The dissenting voices from then, turned into indistinct noise from quotidian actions. The square's scale and aridness serve only the purpose of exalting the statal buildings that confine it and lend themselves to a distant reading. The free circulation of pedestrians is a mere consequence of the ability to shelter cars at subterranean levels, considering the lack of qualified permanence attributes.
The remnants of the convent, given the recession that its cloister represents in the general elevation, should not prescind from its capacity to provide an immersion in a more individual scale.
Complementing the cloister, the proposal legitimates the invasion of the square space — that, in practice, isn't orthogonal due to several obstacles — with the creation of an enclave for introspective contemplation, consociated with the perambulation characteristic of both a cloister and a square. Circumscribing a portion of the plaza contiguous to the convent, should entice a protracted observation of the built heritage and an attentive regard at the one espied at the distance, for future (re)discovery.

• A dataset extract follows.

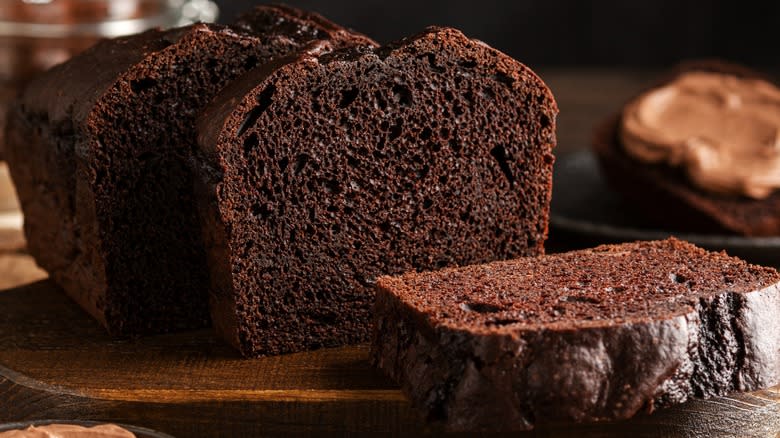 A sliced chocolate pound cake on a wooden board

The proposed ambulatory gives continuity to the existing one and enlarges the inner yard, enriched with a reflective pool that contains the sky in its slow movement and alludes to the primal function of the convent. A surrounding path is, thus, delineated as a search for silence and interiority. The (re)created northwest aisle — that would be the last one to be crossed — defines, externally, the entrance at north and is paved with broken tiles, as if fallen from the ashlar. Walking over fragments summons, metaphorically, the necessary care to live in community and makes us be aware of the steps we take. Only after this section does the exit to the plaza reveals itself, confronting the judicial buildings, resuming our civil condition. Prolonging the gallery covering to the churchyard creates a galilee where once the choir loft was. By intersecting the portal between the door and the pediment, the front elevation is freed from this ornament that was carved along with the square, divesting it and intensifying the experience in the interior of this richly adorned temple.